I am trying to get the maximum independent set of phenotypes based on phenotype correlations I have generated from the UKB. I have already made the pairs file as described in the documentation (Hail | Miscellaneous) and now am wanting to prune them to the max indep sets. I am trying several cor thresholds to see how many phenotypes would remain at different ones, but strangely am getting the same number in the max set at the end despite differing lengths of pairs lists to prune. I am directly following the example in the docs so want to make sure something isn’t going wrong. Advice would be appreciated!
Here’s the relevant code:
ht = hl.read_table(‘Pheno_pairwise_correlations.ht’)
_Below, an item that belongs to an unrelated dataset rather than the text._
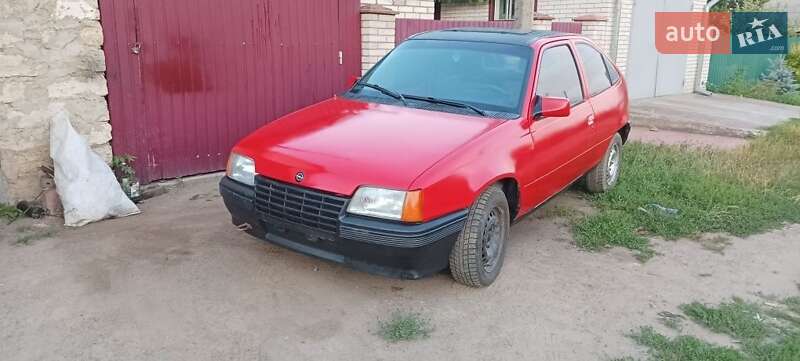 Хэтчбек Opel Kadett 1988 в Жмеринке фото Хэтчбек Opel Kadett 1988 в Жмеринке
pairs10 = ht.filter(hl.float32(ht.cor) > 0.1) #96264 long for cor at 10% limit
pairs20 = ht.filter(hl.float32(ht.cor) > 0.2) #283680 long for cor at 20% limit
related_to_remove10 = hl.maximal_independent_set(pairs10.i, pairs10.j, False) #14165 long
related_to_remove20 = hl.maximal_independent_set(pairs20.i, pairs20.j, False) #14165 long also
Thanks so much,
Hey @eatkinson !
It looks like you’re asking for the nodes that should be removed, i.e. the complement of the set of nodes to keep. Try changing the third argument of MIS to
True. I like to use the keyword argument syntax so this sticks out a bit:
Thanks for getting back to me. Yes, I am indeed trying to get a list of the ones to be removed that I will then exclude from the full dataset. This is how the process was presented in the docs, which have the following as the example:
Starting from the above pairs, prune individuals from a dataset until no close relationships remain:
related_samples_to_remove = hl.maximal_independent_set(pairs.i, pairs.j, False)
result = dataset.filter_cols(
… hl.is_defined(related_samples_to_remove[dataset.col_key]), keep=False)
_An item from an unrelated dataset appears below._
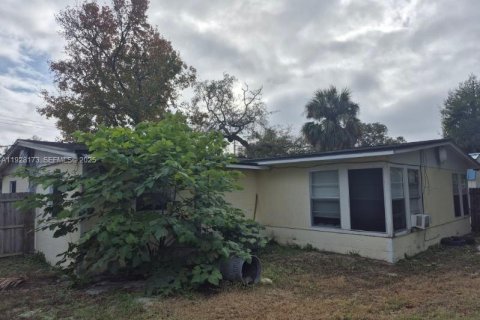 Купить виллу или дом в Саут-Дайтона, Флорида 3 спальни, 110м2, № 1988716 - фото 3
As an aside, if I do change the 3rd argument to True, I end up with a list 0 long.
Ah, OK, I understand. The first thing I would check is: are there any self-correlations?
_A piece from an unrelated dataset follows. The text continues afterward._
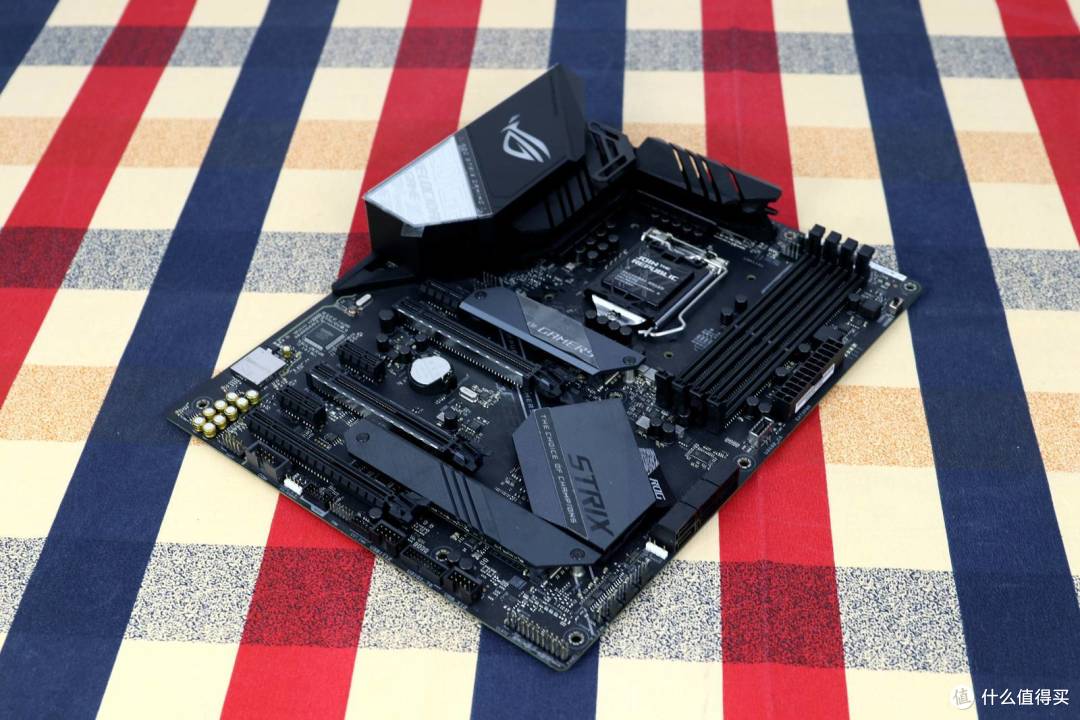 装机配置单:ROG Z390+D60G+9700K必酷BASE500 装机实录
ht.filter(ht.i == ht.j).show()
If a node has a “self-edge” (an edge to itself) then it cannot be in the independent set (it’s always connected to another node, namely itself). You can remove these with:
ht = ht.filter(ht.i != ht.j)
oh makes sense! I just tried removing self-correlations (which indeed were there) and it results in different lengths now. Thanks so much!